The Persians were aided by Polycrates, tyrant of Samos, who sent forty triremes. More importantly Phanes, one of the commanders of the Greek mercenaries in Egyptian employment, betrayed his master and sent vital information to Cambyses.
Psamtik posted his army near the Pelusian mouth of the Nile, and took up a defensive position. Both armies contained Greek troops - Cambyses raised his from his Ionian and Aeolian possessions, while the Egyptians employed mercenaries.
Herodotus records very little detail of the battle itself, describing it as fierce with heavy loses on both sides. He does provide colourful anecdotes from before and after the fighting.
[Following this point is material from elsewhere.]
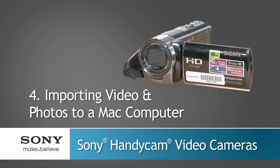This segment will show you how to connect your Sony camcorder to a Mac computer and import your videos and photos using Apple's iMovie and iPhoto software.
Phanes had left his sons in Egypt when he fled to Cambyses. The Greek mercenaries in the Egyptian army decided to punish him for this by killing his children in front of the two armies, mixing their blood with wine and drinking the mixture.
Herodotus visited the battlefield about seventy-five years later, and reported that the bones of the dead were still lying in the desert. He claimed to have examined the skulls and found that the Persians had thin, brittle bones and the Egyptians thick solid bones. He suggested that this was because the Egyptians normally shaved their heads, and the sunlight thickened their bones. This might suggest that the battle took place on the edge of the desert, rather than on cultivated land, although it does seem a long time for the bodies to have remained visible and unburied.
The Persians went on to capture Heliopolis, and then besieged Memphis. According to Herodotus Psamtik was captured, and sent into exile in Susa, where he later committed suicide after being discovered plotting against the Persians.
Cambyses remained in Egypt for most of the rest of his reign. He planned an attack on Carthage, which never took place. An army that was sent to the Oasis of Amon at Siwah was lost in the desert. He led an expedition into Nubia which had some success.
In March 522 a revolt broke out in the heart of the empire, commanded by someone claiming to be Cambyses's brother Bardiya (Smerdis to the Greeks). Cambyses left Egypt, but died in Syria on the way home and was eventually succeeded by a distant relative, Darius I.